顧景深繫好最後一顆紐扣,轉過身,目光落在我身上。
依舊平靜,甚至帶著點慣有的審慎。
「昨晚......」他頓了頓,似乎在斟酌用詞,「是我失控了。如果你需要時間......或者有任何不適,可以告訴我。」
禮貌、周全,公事公辦。
就像......善後。
原來,他真的只是索取了他認為應得的「報答」。
他甚至覺得我會「不適」,需要「時間」來消化這場「失控」。
驕傲像一盆冷水,兜頭澆下。
熄滅了我所有不切實際的幻想。
我將自己裹緊,帶著溫家大小姐最後的體面。
「顧總說笑了,各取所需而已,我很滿意。」
「談不上失控,更不需要時間。」
「我先回房洗漱了,顧總請自便。」
7
從那天起,我不再圍著顧景深轉。
不再用各種笨拙又大膽的方式撩撥他。
他如此強大,為溫家、為我掃清了障礙。
父親也逐漸東山再起。
我要成為一個能與他並肩而立、被他由衷欣賞的伴侶。
空有「顧太太」的頭銜和美貌,終不長久。
我重新開始投入到珠寶設計工作室中。
不僅重拾了畫筆,還請顧景深的助理找來了商業管理和金融相關的課程例項。
也學著與人周旋。
我依舊住在顧家別墅,依舊會在必要的場合以「顧太太」
的身份陪同顧景深出席。
練習笑容得體,練習恰到好處地挽著他的手臂,練習怎麼做一個訓練有素、盡職盡責的......合作伙伴。
原來爸爸和顧景深,一直以來都這麼累。
住在同一個屋簷下,顧景深依舊與我相敬如賓。
只是依舊偶爾會不小心有一些肌膚接觸。
我也都很知趣地避開了。
顧景深的確是一個稱職的「合作伙伴」。
一天,他回來得特別早。
手裡拿著一個深藍色絲絨盒子。
「回來了?」我禮貌地打了聲招呼,準備直接回房。
「溫晴。

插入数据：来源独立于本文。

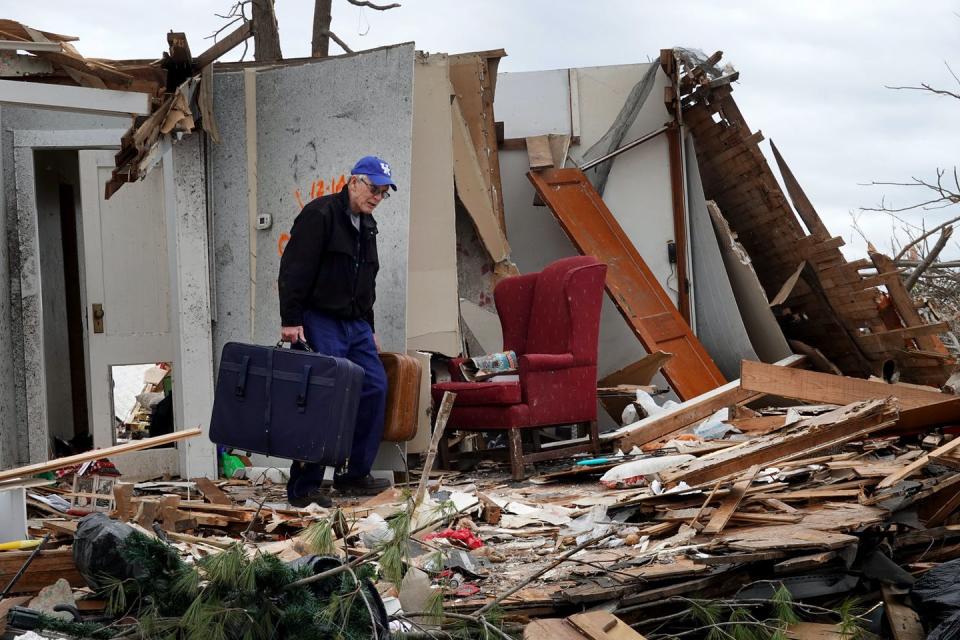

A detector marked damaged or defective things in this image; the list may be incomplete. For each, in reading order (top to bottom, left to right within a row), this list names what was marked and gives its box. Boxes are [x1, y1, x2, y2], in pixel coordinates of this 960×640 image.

broken lumber [0, 428, 201, 482]
damaged door frame [9, 126, 217, 480]
broken furniture [436, 256, 608, 480]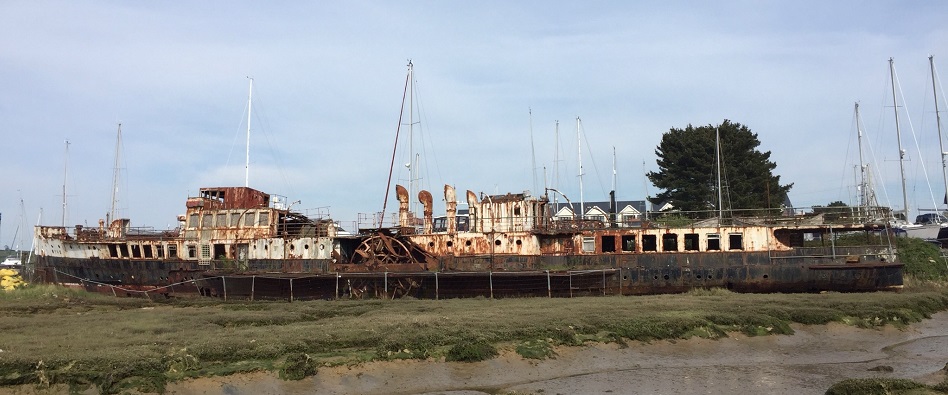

」顧景深叫住我,把絲絨盒子遞給我,「看看喜不喜歡。」
開啟,那枚帕拉伊巴碧璽在室內光線下,美得驚心動魄。
「很漂亮,謝謝。」我關上盒子還給他,「但是太貴重了,我最近忙於工作室,也沒什麼場合需要佩戴這樣貴重的珠寶。」
顧景深聲音冷了幾分,「你不喜歡?」
我有些頭疼,「不是不喜歡。顧景深,我只是覺得......沒必要。」
「我們現在這樣各司其職,不是很好嗎?你不用費心送我這些。」
我不需要昂貴的珠寶。
其實顧景深一個擁抱就足夠了。
我惱他打破了我苦苦維持的內心的平靜。
我好不容易才能剋制自己不去親近他。
他又來做什麼。
不等顧景深多說什麼,我佯裝回房拿電腦工作。
我抱著筆記型電腦,在沙發角落專注地修改圖稿。
顧景深在桌前,手指停留在檔案上,許久未翻頁。
顧景深有一雙好看的手,修長、有力,指節分明。
撫摸時指腹略顯粗糙的繭也是加分項。
回想起他摩挲時的觸感,我不禁打了個寒顫。
搖了搖頭,強迫自己不再有任何想要他的念頭和反應。
「冷?」顧景深似是自言自語一般。